People often ask me what employment engagement questions I ask my employees. Before creating any survey or questionnaire it is important to understand that honest, two-way communication is critical for any effective employment engagement strategies. Simply put, you’re not going to engage your team members if you’re siloed, distant, or aloof. You need to actually talk to them, soliciting their feedback and checking their pulse.
It helps if you ask the right questions. That’s what I’d like to cover in today’s post: What are the key employment engagement questions you should be asking as you seek to hone your strategies?

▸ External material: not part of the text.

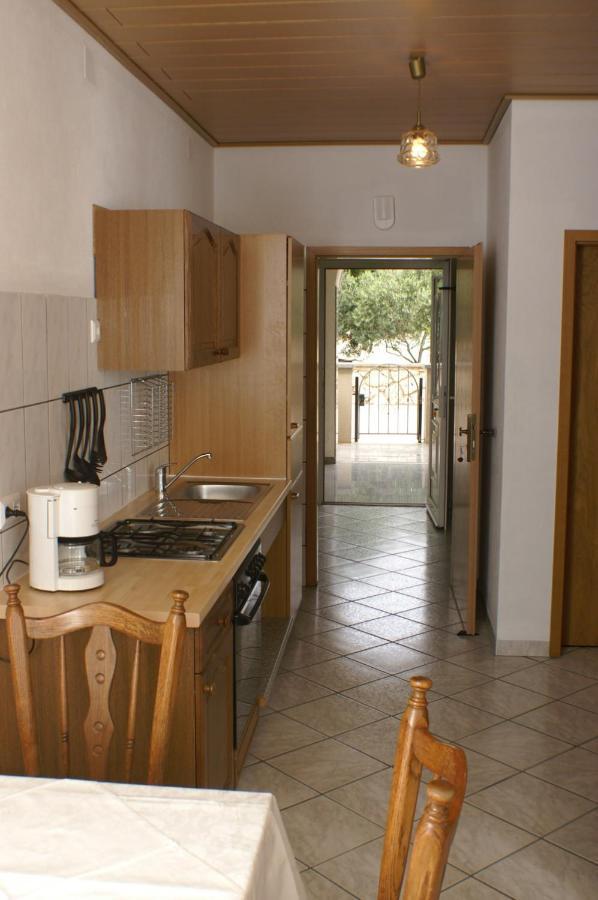 Apartments By The Sea Mandre, Pag - 4098 ภายนอก รูปภาพ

I’ll note that these questions can be helpful in a variety of contexts, whether in company-wide employment engagement surveys or simply for use in one-on-ones.
I’ll also note that these are by no means the only questions you might ask as part of your employment engagement approach! Rather, I’d encourage you to view them as a framework and a jumping off point.
11 Key Employment Engagement Questions
So, with the preamble out of the way, here are some questions I think you’ll find useful in the context of any employment engagement strategy.
Are you happy at the company?
Here’s a good baseline question to ask of your employees. I’ll note that employee happiness and employee engagement are not the same thing, but they are connected, and it’s generally safe to assume that employees who aren’t happy also aren’t engaged. So, this is a respectable question to start with. Just find out whether your employees look forward to coming to work most mornings. What’s important to you?
Are your employees getting what’s really important to them? Are they able to set meaningful goals? And do they believe they can achieve those goals within your organization? You won’t know unless you ask them what matters to them. This information can be invaluable as you seek effective ways to motivate your employees.
How can we improve/how can I improve?
This one can be hard to ask, and for some employees it may be hard to answer. After all, nobody wants to hurt the boss’ feelings! Make it clear that you really value honest feedback, and that you’re ready to listen without judgment.
What barriers or obstacles do you face each day?
Are there roadblocks that keep your employees from doing their job effectively? Or, barriers that keep them from doing the parts of the job they really love? Ask about them, and then brainstorm ways to remove or minimize those roadblocks if possible.
Is this what you want to be doing?
You may have an employee who’s in one role but secretly dreams of another. It’s good to know that, and to talk earnestly about ways in which your employee can prepare and perhaps one day transition into the job they really want.
How would you like to contribute?
Most employees really want to add value to the company and contribute to the team. Some may even have some very specific ideas about how they can do so, and all they need is someone to ask them!
What can I do to make your job easier?
This may be a variation on the roadblock question above, but it’s still worth asking. Your employees may have some specific ways in which you can empower them to work better, and more efficiently. If nothing else, they will be grateful that you asked!
How do you want to work?
Different employees are motivated by different things. Some may really want the opportunity to have a more flexible schedule, to work remotely from time to time, etc. It can certainly be valuable to raise these issues and talk through them together, if that’s something the employee cares about.
Do you feel a sense of purpose?
Do you feel connected to the company’s mission? One of the key aspects of effective employment engagement strategies is articulating a clear sense of mission and showing how each employee plays a role in fulfilling that mission. Double check that you’re doing exactly that!
How would you describe our organizational culture?
Leaders should always be considering the nature of their organizational culture, and one component of that is seeing how other people in the company perceive that culture. Tell your employee there’s no right or wrong answer; you’re simply interested in their point of view!
What are your long-term goals?
The ole’ “where do you see yourself in 10 years” question is a bit of a cliché, but it’s a cliché for a reason. It can be extremely helpful to determine what your employees ultimately want to achieve, and how you can help them get there.
Again, these questions aren’t meant to be exhaustive, but I hope they provide you with some fruitful avenues of discussion as you seek to better engage your team members.